Fall in-person classes will be designed especially for first-years and sophomores, while spring in-person classes will focus on juniors and seniors. This plan, Shennan said, allows first-years to begin their Wellesley experience in the best possible way, while allowing seniors to finish their final spring at Wellesley on campus.
“We’re all here first and foremost because we care deeply about our students and want them to succeed, no matter the challenges they face.”Oscar Fernandez, associate professor of mathematics and faculty director of the PLTC
Sustaining the Wellesley community
Being part of a close community is integral to the Wellesley experience, and since March, the community has shown its strength both on campus and beyond. Alumnae clubs established aid networks to assist students and people in need, Wellesley faculty and labs helped create frontline medical equipment, and students and alums established pen pal campaigns to reach out to alumnae across the country to help ease loneliness. Student leaders kept their organizations engaged and connected, and members of Physical Education, Recreation, and Athletics kept the College active through virtual workouts and wellness tips.
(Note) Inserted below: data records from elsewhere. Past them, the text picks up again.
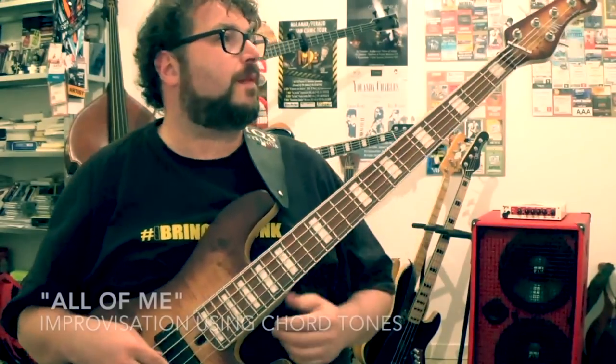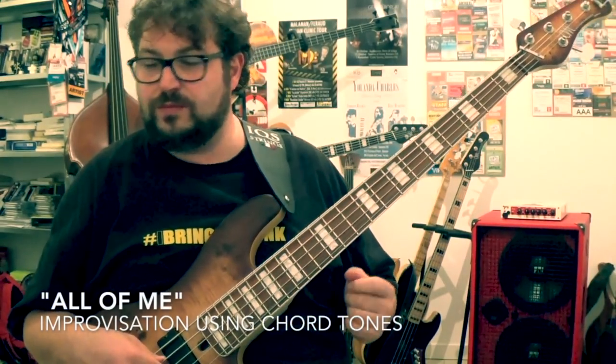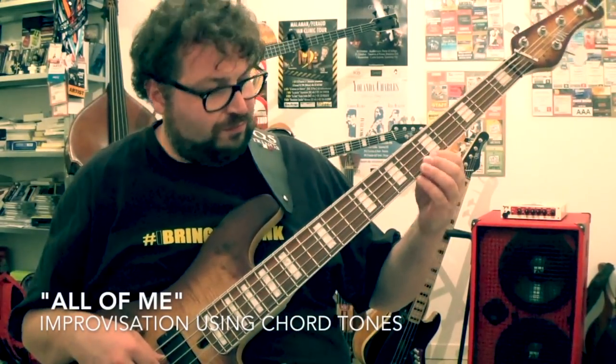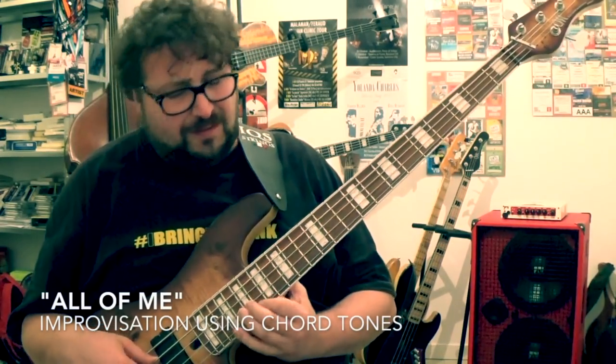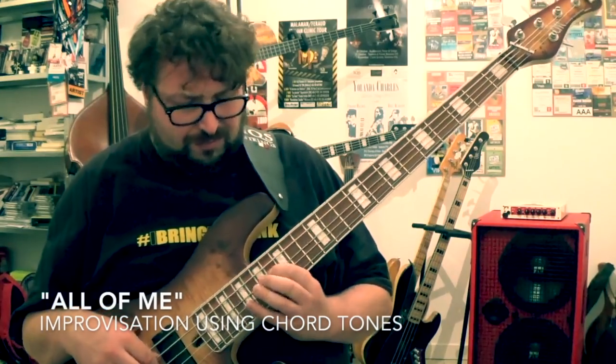Try it. In this video, I will play an example for a very famous standard. The name is All of Me. Enjoy and share and try. See you!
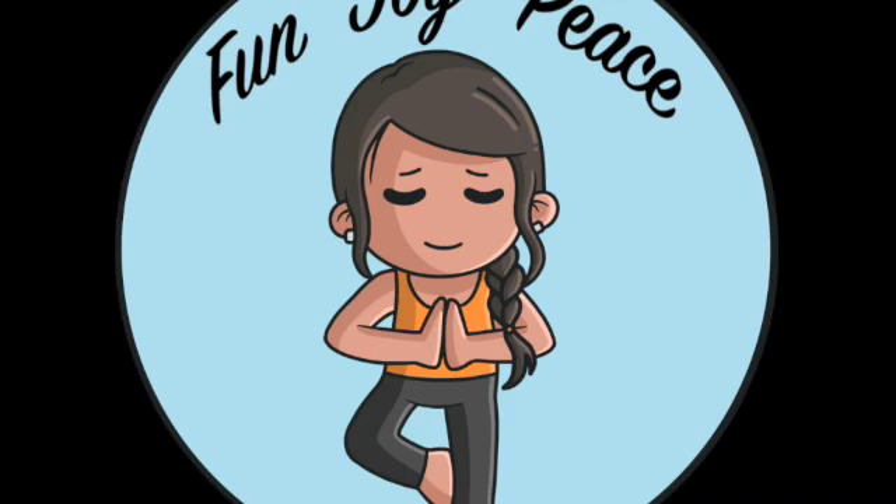Good morning and welcome to Fun Joy Peace. Today we're going to focus on focused attention meditation. To do this, we're going to focus on belly breathing, so go ahead and close your eyes. At first, just breathe naturally — breathe in through your nose and out of your nose.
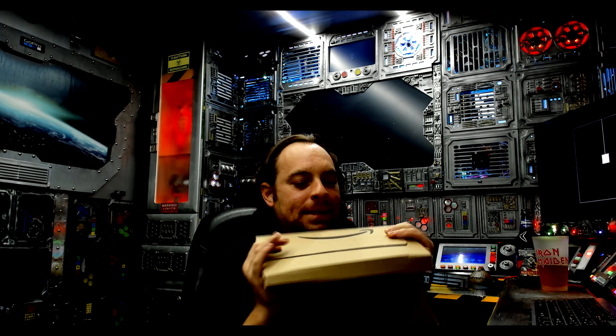Hi the internet! I hope you're all safe and well and having a fantastic Christmas Eve. I've been shopping, the Amazon man has came and I was wondering: can I build myself an astrophotography camera out of parts?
“More than ever before, we know that people want to connect and belong to something,” said Helen Wang, director of residential life. “We are focusing hard on inclusive excellence in how we live and build community together on campus and off—creating opportunities for students to experience and understand the value of engaging with others who hold different identities and perspectives, and helping students sustain relationships in this coming year.”
When most students left campus in the spring, Wang’s team was instrumental during the sudden move-out process. After that, the team created opportunities for students to stay connected from home through virtual programming like book clubs, teas, bingo, and baking sessions with their residence halls, while also encouraging in-person connection and community among those students who stayed on campus.
This year, programming that connects students, mitigates loneliness, and helps them practice meaningful dialogue in a virtual space will be important, Wang said. “Our goal is to help students broaden their self-awareness, their sense of belonging, and their capacity for openness, and to immerse students in an exuberant community that inspires the pursuit of wonder, interpersonal connections, and life-long learning,” she said.
While the coming year will certainly be unlike any other in College history, the entire community will face it together with the understanding, patience, and perseverance it has shown in ways large and small since the pandemic began.
“As a senior, I’m looking forward to just holding it all together, and making the most out of this unprecedented year,” Moise said. “None of us have ever been through something like this, so there are surprises and new worries at every turn—but that’s okay! We have to be able to bend without breaking (as our class of 2021 orientation theme sought to teach us) and adjust to new normals as they present themselves. However different and strange this year will certainly be, I'm ready to go through it with my Wellesley family. I genuinely couldn’t imagine going through this all at any other institution!”